SCQF Level: 10
Availability: Spring, Advanced module
Course Prerequisite: MAT9K4
Credit Value: 20 (1 module)
This module will provide a foundation for examining relationships between continuous variables. In particular, the techniques used when the explanatory variable is time will be presented and applied in a number of different subject areas (1/2). It will also acquaint the students with the theories of stochastic processes and their applications to a variety of different areas, including physics, and genetics (1/2).
Students should be able to: write down master equations for Markov processes and determine the average behaviour and variance, or solve them exactly; write down a stochastic matrix and use it to calculate the long term probability distribution between the states; interpret the description of a genetic model; analyse a gamblers ruin problem; write down the H theorem and prove it holds for a specific problem; analyse a branching chain problem; estimate a linear model to describe data and discuss the required assumptions; determine the appropriate transformation to linearise data; manipulate centred four point moving average data, choose the appropriate model to describe it (additive or multiplicative) and seasonally adjust the series in the appropriate way; derive the mean, covariance and correlation between time points of a general linear process, construct moving average and autoregressive models.

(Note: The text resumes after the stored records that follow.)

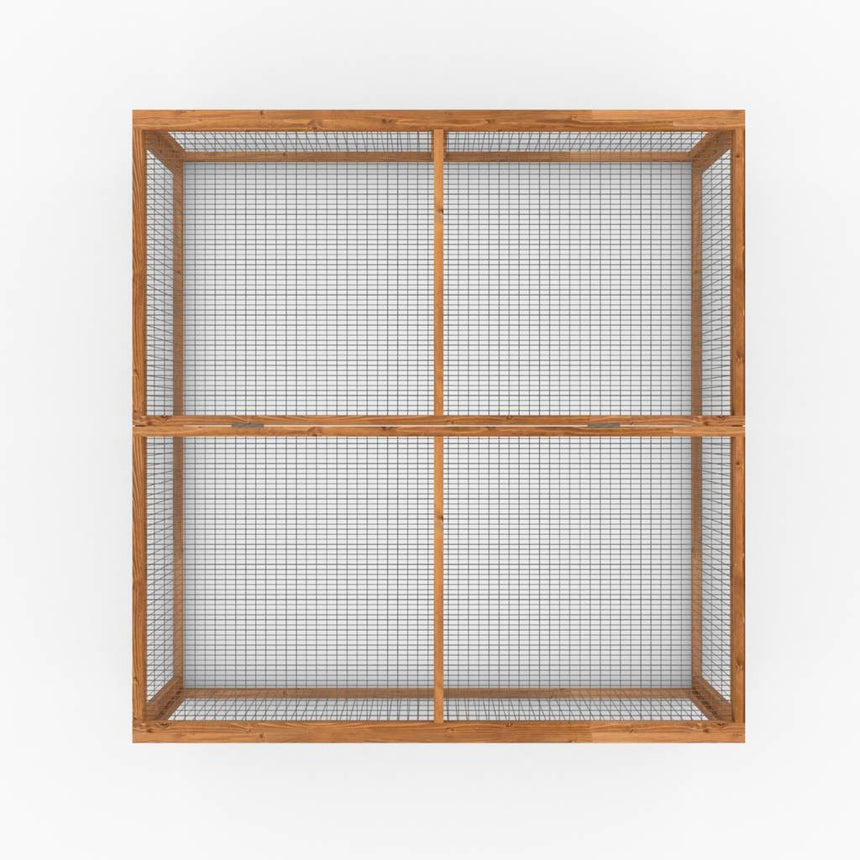 4ft Large Chartwell Rabbit Run - Home & Roost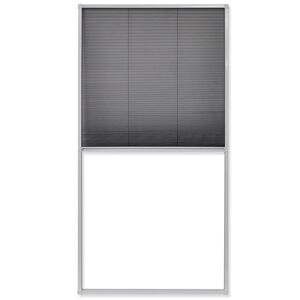 vidaXL Plisse Insect Screen Window 80 x 160 cm
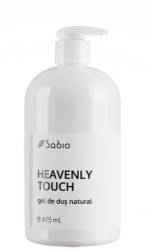 Gel de dus natural Heavenly Touch, 475ml, Sabio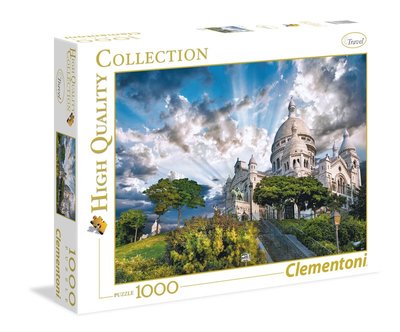 Cover for Puzzel · Montmartre (1000St.) (Legetøj)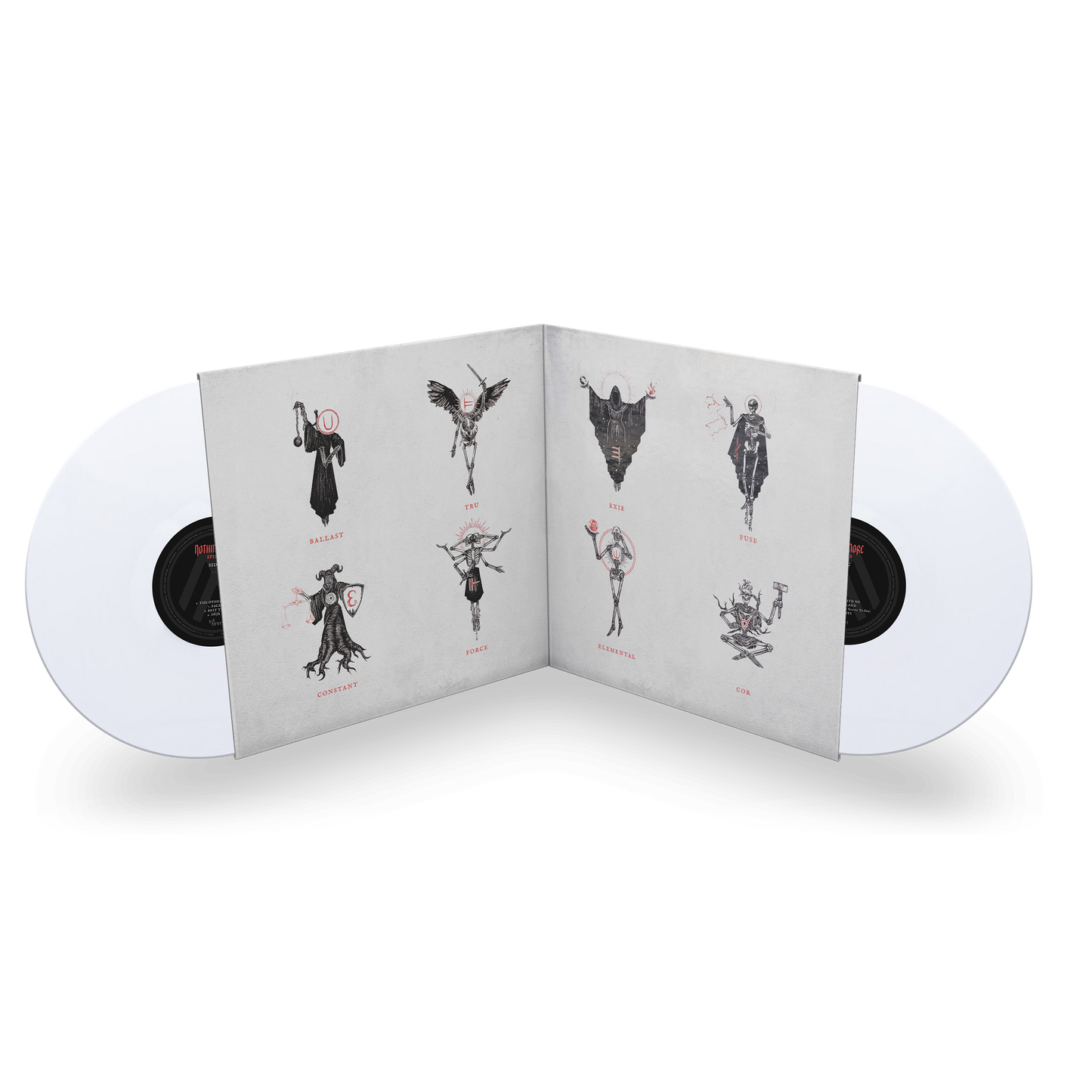 Nothing More - Spirits Vinyl - Standard White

A1. Motivation & Graphical Description
A2. Regression Techniques
A3. Models for Stationary Time-Series
B1. Probability functions and conditional probabilities
B2. Markov processes and chains
B3. Master equations and detailed balance
The ability to formulate problems in mathematical terms; report writing; problem solving; information retrieval; interpretation of statistical information.
There will be three 1-hour lectures and one 1.5 hour practical per week.
1/3 coursework (1 practical project and 1 test) and 2/3 examination.